7.2 SUBJECT TO THE GENERAL SERVICE LEVEL SUPPORT TERMS ATTACHED, SERVICE PROVIDER DOES NOT WARRANT THAT THE SERVICES WILL BE UNINTERRUPTED OR ERROR FREE OR MEET CUSTOMER’S REQUIREMENTS; NOR DOES IT MAKE ANY WARRANTY AS TO THE RESULTS THAT MAY BE OBTAINEDFROM USE OF THE SERVICES. THE SERVICES ARE PROVIDED “AS IS” AND SERVICE PROVIDER DISCLAIMS ALL WARRANTIES, EXPRESS OR IMPLIED, INCLUDING, BUT NOT LIMITED TO, IMPLIED WARRANTIES OF MERCHANTABILITY AND FITNESS FOR A PARTICULAR PURPOSE AND NON-INFRINGEMENT.
8. LIMITATION OF LIABILITY
NOTWITHSTANDING ANYTHING TO THE CONTRARY, EXCEPT FOR BODILY INJURY OF A PERSON OR GROSS NEGLIGENCE OR WILLFUL MISCONDUCT, A BREACH OF EITHER PARTY’S CONFIDENTIALITY OBLIGATIONS UNDER SECTION 3, OR A BREACH OF PRIVACY BY ROX OR ITS SUBPROCESSORS, NEITHER PARTY SHALL BE RESPONSIBLE OR LIABLE WITH RESPECT TO ANY SUBJECT MATTER OF THIS AGREEMENT OR TERMS AND CONDITIONS RELATED THERETO UNDER ANY CONTRACT, NEGLIGENCE, STRICT LIABILITY OR OTHER LEGAL OR EQUITABLE THEORY: (A) FOR ERROR OR INTERRUPTION OF USE OR FOR LOSS OR INACCURACY OR CORRUPTION OF DATA OR COST OF PROCUREMENT OF SUBSTITUTE GOODS, SERVICES OR TECHNOLOGY OR LOSS OF BUSINESS OR PROFITS; (B) FOR ANY INDIRECT, EXEMPLARY, INCIDENTAL, SPECIAL OR CONSEQUENTIAL DAMAGES; (C) FOR ANY FORCE MAJEURE EVENT OR (D) FOR ANY AMOUNTS THAT, TOGETHER WITH AMOUNTS ASSOCIATED WITH ALL OTHER CLAIMS, EXCEED FEES PAID OR PAYABLE BY CUSTOMER TO SERVICE PROVIDER FOR THE APPLICABLE SERVICES UNDER THIS AGREEMENT OR RELATING TO ANY SUBJECT MATTER OF THIS AGREEMENT IN THE 12 MONTHS PRIOR TO THE ACT THAT GAVE RISE TO THE LIABILITY.
9. MISCELLANEOUS
If any provision of this Agreement is found to be unenforceable or invalid, that provision will be limited or eliminated to the minimum extent necessary so that this Agreement will otherwise remain in full force and effect and enforceable.
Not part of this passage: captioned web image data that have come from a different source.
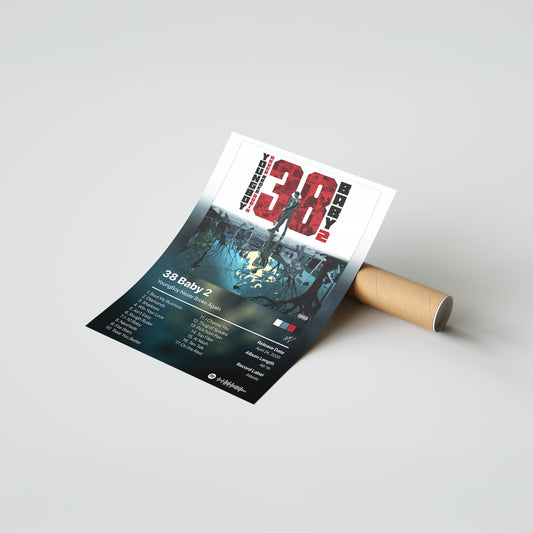 YoungBoy Never Broke Again 38 Baby 2 Album Poster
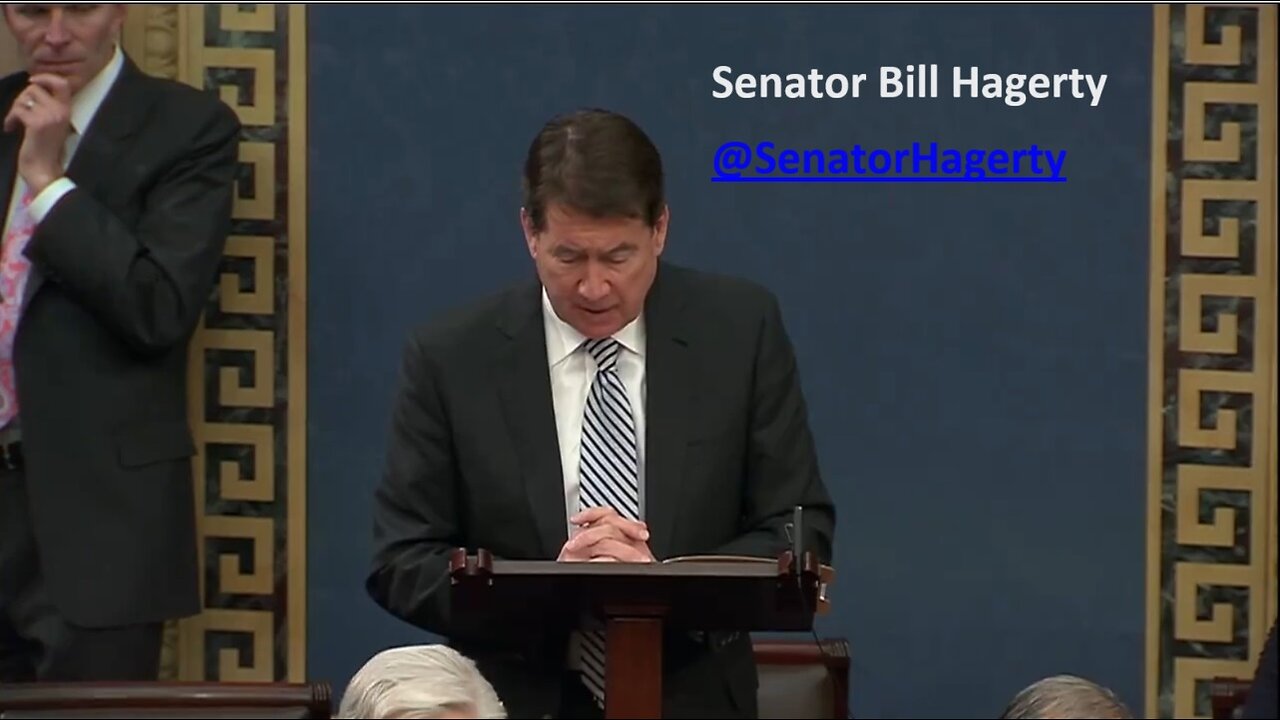 Senator Bill Hagerty: Biden to charter flights for hundreds of thousands of illegal aliens from their countries directly to American towns to be resettled. Is this genocide of white Americans?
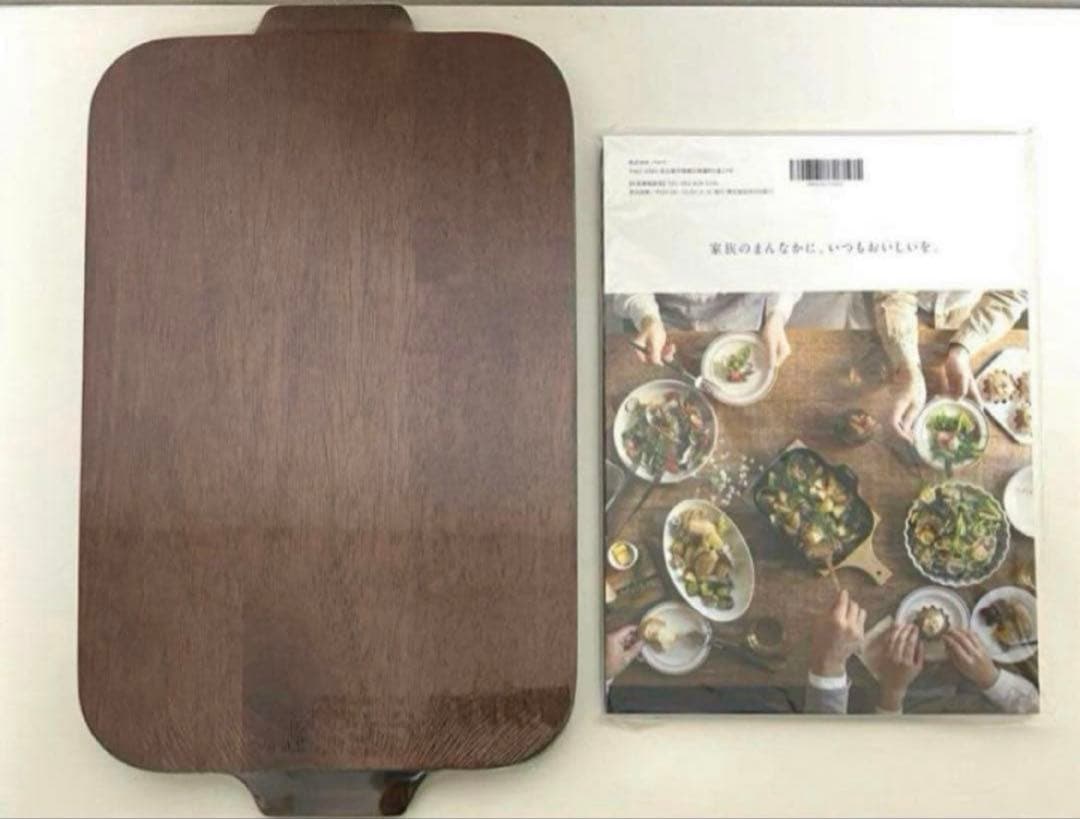 新品 未開封 元箱入りパロマ ラ・クック グリルパン＋木製プレートLa-cook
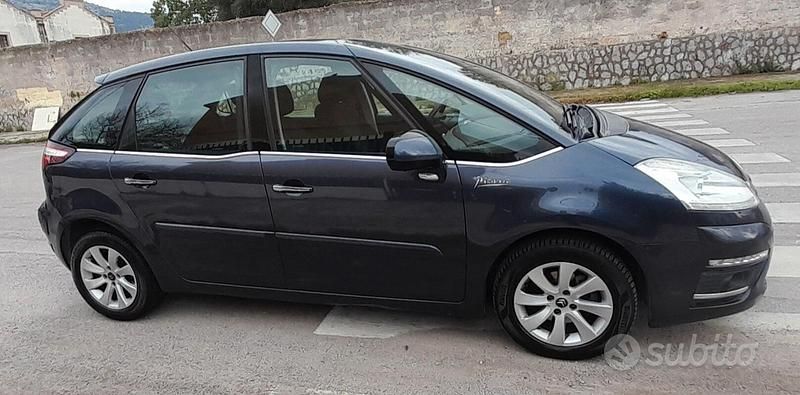 Usata Citroën C4 Picasso Exclusive 108 CV (79 kW) 2012 Blu Monovolume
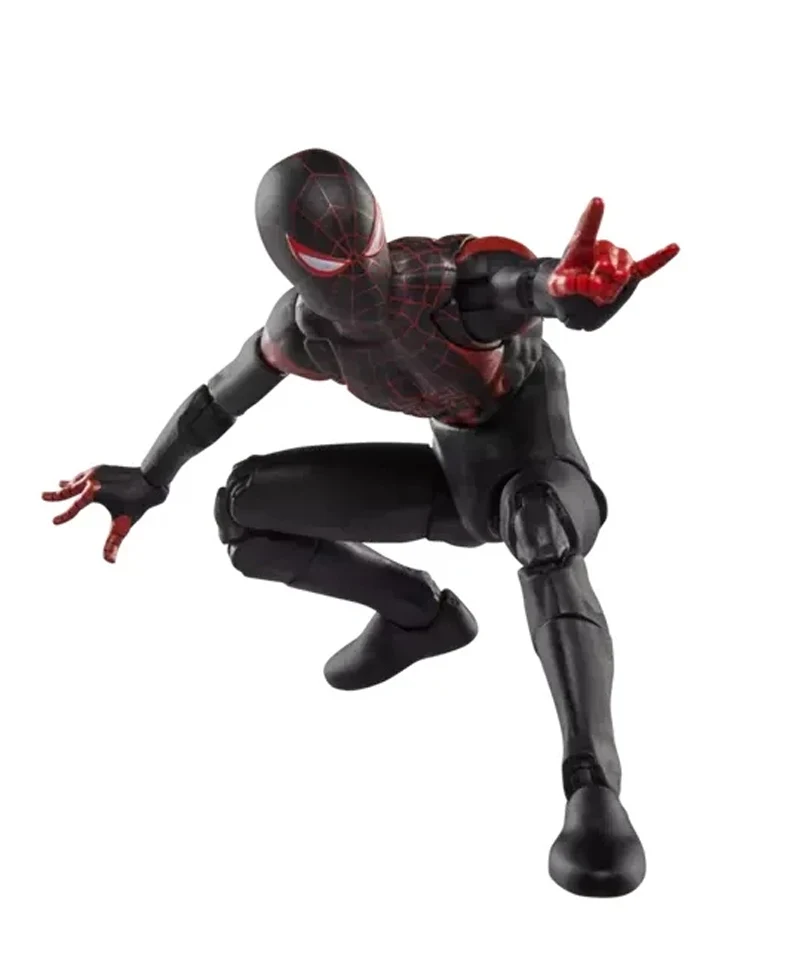 Marvel - Miles Morales Spider-Man - Figure Legends Series 15cm - immagine 2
This Agreement is not assignable, transferable or sublicensable except (i) as otherwise provided herein; (ii) with the other party’s prior written consent; or (iii) a party may assign this Agreement to its successor in interest by way of a merger, acquisition, or sale of all or substantially all of its assets without consent. No agency, partnership, joint venture, or employment is created as a result of this Agreement and neither party has any authority of any kind to bind or attempt to bind the other party in any respect whatsoever. All notices under this Agreement will be in writing and will be deemed to have been duly given when received, if personally delivered; when receipt is electronically confirmed, if transmitted by facsimile or e-mail; the day after it is sent, if sent for next day delivery by recognized overnight delivery service; and upon receipt, if sent by certified or registered mail, return receipt requested. The parties agree that any material breach of Section 2 or 3 may cause irreparable injury and that each party may seek injunctive relief in a court of competent jurisdiction will be appropriate to prevent an initial or continuing breach of Section 2 or 3 in addition to any other relief to which the owner of such Proprietary Information may be entitled. This Agreement shall be governed by the laws of the State of California without regard to its conflict of laws provisions. Any action or proceeding arising from or relating to this Agreement must be brought in a federal court in the Northern District of California, or in a state court in Santa Clara, California, and each party irrevocably submits to the jurisdiction and venue of any such court in any such action or proceeding. The parties agree that the United Nations Convention on Contracts for the International Sale of Goods is specifically excluded from application to this Agreement.
Exhibit A
General Service Level Support Terms
Up-Time and Reliability. Service Provider will use reasonable commercial efforts with the intent that Services will be available and operational to Customer for 99% of all Scheduled Availability Time. “Scheduled Availability Time” shall be defined as twenty-four (24) hours a day, seven (7) days a week, excluding: (i) scheduled maintenance downtime; (ii) maintenance downtime for specific critical Service issues; and (iii) any downtime due to defects caused by Customer, one of its vendors, third party connections, utilities, or caused by other forces beyond the control of Service Provider (such as internet outages or outages with respect to Customer’s network or internet access). Service Provider shall use reasonable efforts to provide advance notice in writing or by email of any scheduled service disruption. In the event of any unexcused downtime, Service Provider will credit the prorated amount to the Customer’s next monthly invoice.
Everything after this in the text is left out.